Ancré dans les études critiques du capitalisme, l’article mobilise une perspective féministe et parfois intersectionnelle, en analysant la division sexuelle du travail et les pratiques quotidiennes. Par ses contributions théoriques et empiriques, il ouvre de nouvelles pistes de réflexion sur la marchandisation du temps et ses implications politiques. Malgré l’usage ponctuel d’un vocabulaire technique, il est d’une grande lisibilité, rendant ses conclusions à la fois bien soutenues et accessibles.
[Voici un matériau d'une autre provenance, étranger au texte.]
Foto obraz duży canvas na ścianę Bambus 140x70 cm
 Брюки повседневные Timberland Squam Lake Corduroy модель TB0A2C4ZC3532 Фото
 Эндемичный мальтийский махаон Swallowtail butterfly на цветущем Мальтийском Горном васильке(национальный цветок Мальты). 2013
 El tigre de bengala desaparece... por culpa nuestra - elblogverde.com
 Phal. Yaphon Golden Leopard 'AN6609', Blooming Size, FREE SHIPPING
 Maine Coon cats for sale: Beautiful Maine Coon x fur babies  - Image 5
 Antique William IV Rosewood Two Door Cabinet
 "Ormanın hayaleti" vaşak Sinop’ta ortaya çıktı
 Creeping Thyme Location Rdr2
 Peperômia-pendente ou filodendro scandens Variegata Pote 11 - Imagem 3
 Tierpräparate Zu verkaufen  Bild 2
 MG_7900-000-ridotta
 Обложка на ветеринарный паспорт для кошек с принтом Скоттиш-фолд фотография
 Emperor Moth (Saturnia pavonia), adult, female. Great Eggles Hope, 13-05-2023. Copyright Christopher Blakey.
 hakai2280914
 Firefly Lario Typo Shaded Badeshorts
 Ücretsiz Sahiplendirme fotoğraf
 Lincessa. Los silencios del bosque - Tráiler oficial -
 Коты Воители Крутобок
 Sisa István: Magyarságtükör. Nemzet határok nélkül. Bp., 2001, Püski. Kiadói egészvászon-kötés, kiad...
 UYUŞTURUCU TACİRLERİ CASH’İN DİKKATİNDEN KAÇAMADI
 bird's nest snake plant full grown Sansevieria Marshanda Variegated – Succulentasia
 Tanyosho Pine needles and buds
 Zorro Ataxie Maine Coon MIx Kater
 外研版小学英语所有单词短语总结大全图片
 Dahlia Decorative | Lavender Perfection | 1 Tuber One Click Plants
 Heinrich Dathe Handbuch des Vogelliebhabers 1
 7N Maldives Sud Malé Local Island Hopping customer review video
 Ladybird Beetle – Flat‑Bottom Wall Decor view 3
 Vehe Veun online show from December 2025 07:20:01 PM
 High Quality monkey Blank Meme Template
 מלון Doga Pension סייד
Zoghlami, Khaoula « « Parfois on écrase notre égo pour ne pas dire les choses » : fardeau de la représentation et pratiques affectives racialisées ». Politique et Sociétés 43, no 1 (2024) : 75–113. https://doi.org/10.7202/1110578ar

Qu’on cherche à nommer le racisme ou à en minimiser l’existence, un constat s’impose : les controverses qu’il suscite sont traversées par une intensité émotionnelle indéniable. C’est précisément à ces dynamiques affectives que s’intéresse cet article en explorant l’expérience du fardeau de la représentation telle qu’elle est vécue par des porte-parole engagé·e·s dans la lutte antiraciste au Québec. À partir d’un corpus d’entretiens riche et d’un cadre théorique ancré dans les études critiques de la représentation, des affects et des approches décoloniales, Khaoula Zoghlami parvient à éclairer les ambivalences profondes qui accompagnent le rôle de porte-parole. L’approche est à la fois rigoureuse sur le plan empirique et innovante sur le plan théorique, en dévoilant comment la racialisation affecte non seulement les discours, mais aussi les exigences émotionnelles associées au travail de représentation. Cette contribution importante invite à repenser en profondeur les normes affectives en jeu dans la lutte antiraciste et les rapports de pouvoir qui les sous-tendent.